* THE TASK
The records below hold pictures; please leave those out and retype the rest exactly.

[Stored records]
Segment Open

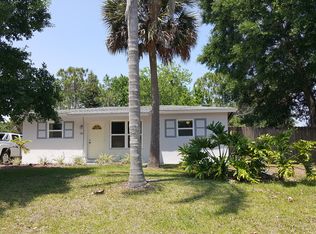 506 Cornell Ave, Melbourne, FL 32901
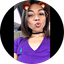 treshka mendez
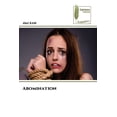 thumbnail image 1 of Abomination, (Paperback), 1 of 1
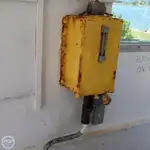 landingsvaartuig, tank te koop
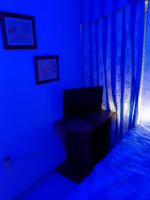 612444322:  en Alicante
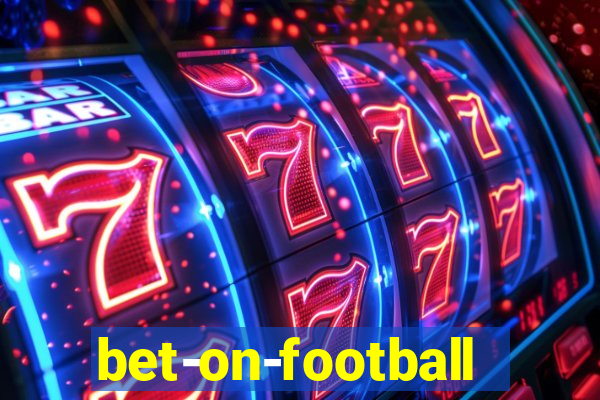 bet-on-football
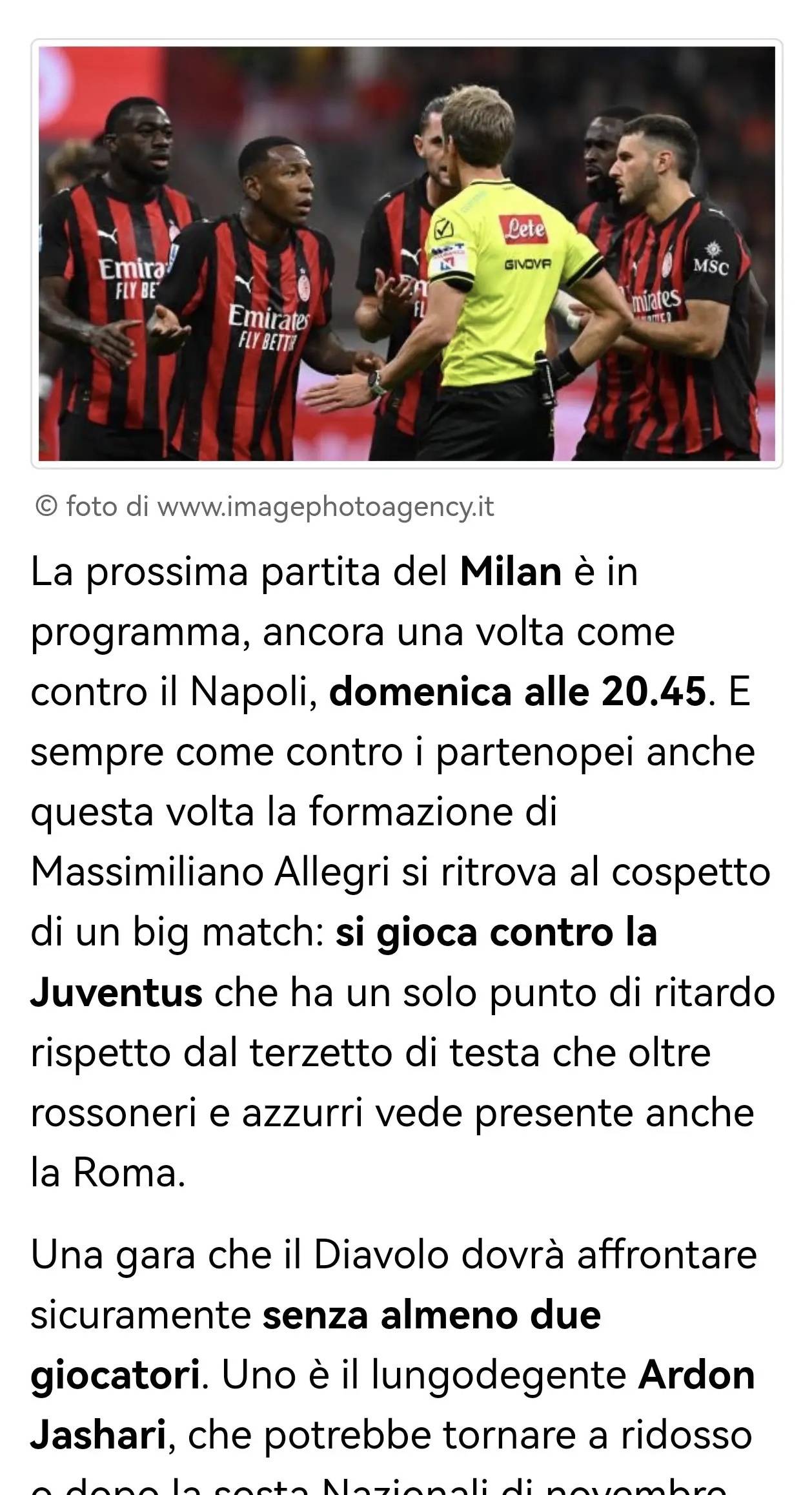 意甲主帅表态备战下一场战役 意甲主帅表态备战下一场战役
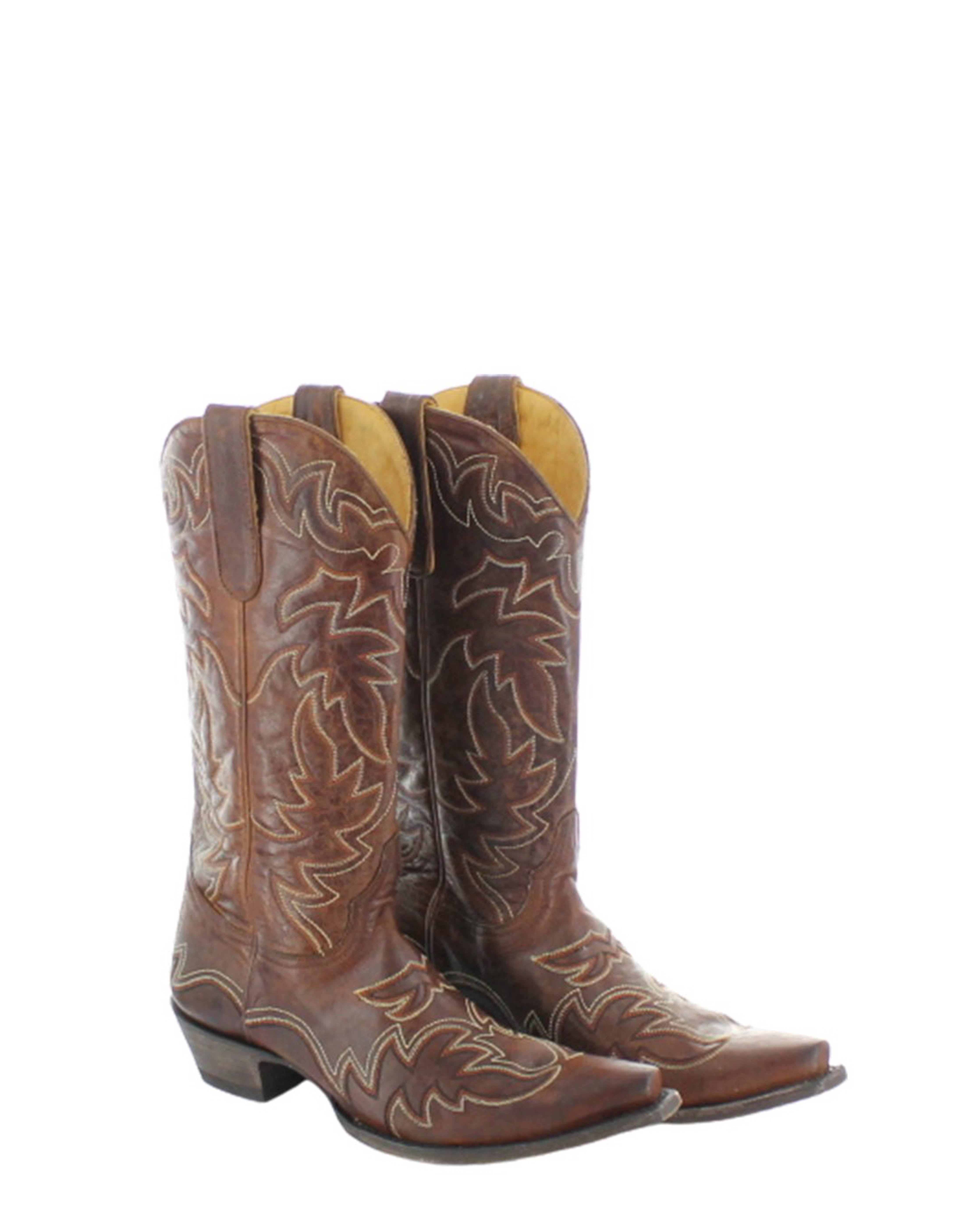 WILMER - WOMEN'S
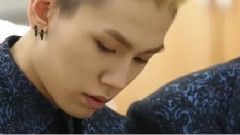 BTOB - Goodneighbors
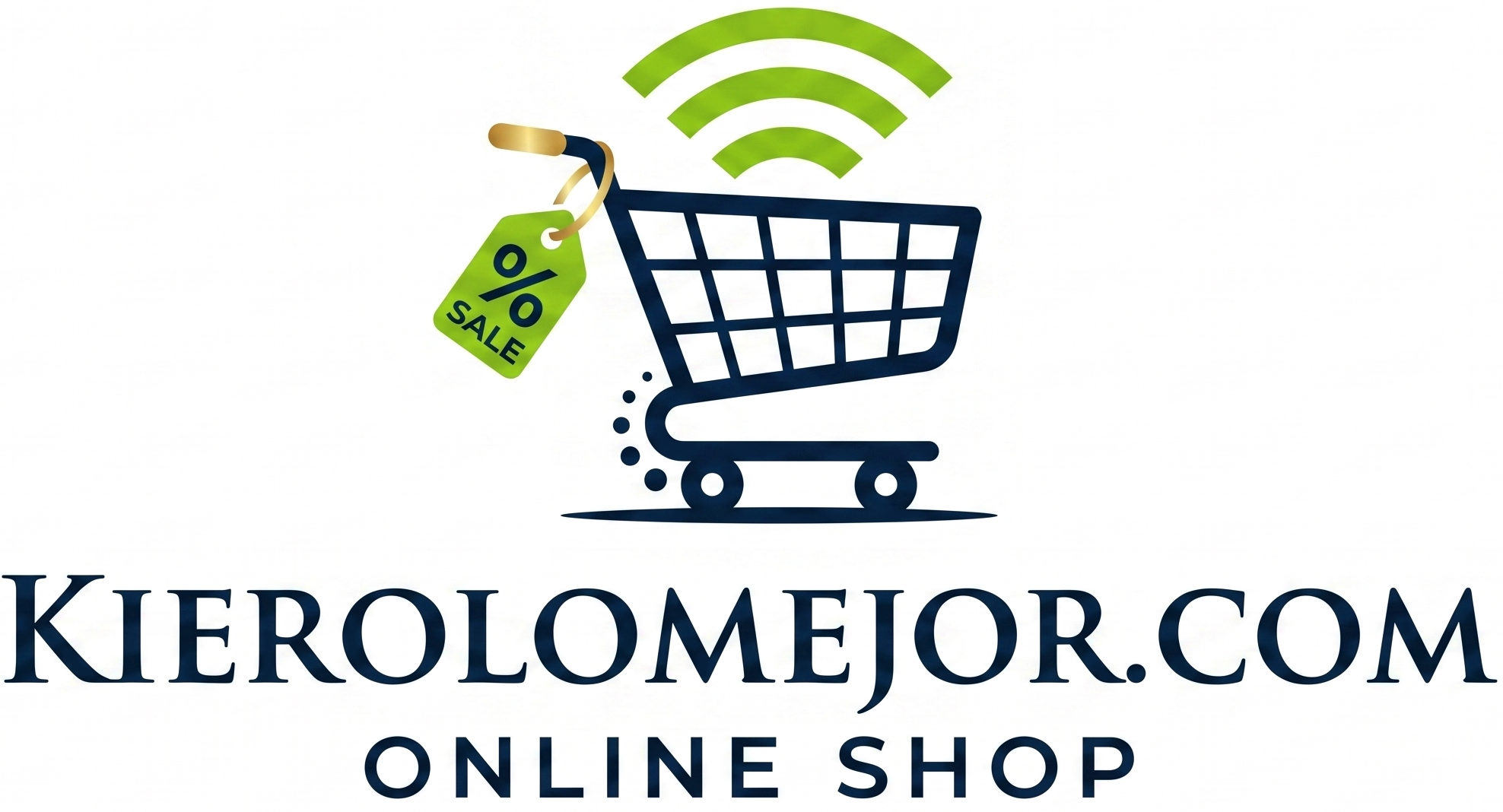 Mi tienda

Segment Closed

* WRITTEN ANSWER
 506 Cornell Ave, Melbourne, FL 32901
 treshka mendez
 thumbnail image 1 of Abomination, (Paperback), 1 of 1
 landingsvaartuig, tank te koop
 612444322:  en Alicante
 bet-on-football
 意甲主帅表态备战下一场战役 意甲主帅表态备战下一场战役
 WILMER - WOMEN'S
 BTOB - Goodneighbors
 Mi tienda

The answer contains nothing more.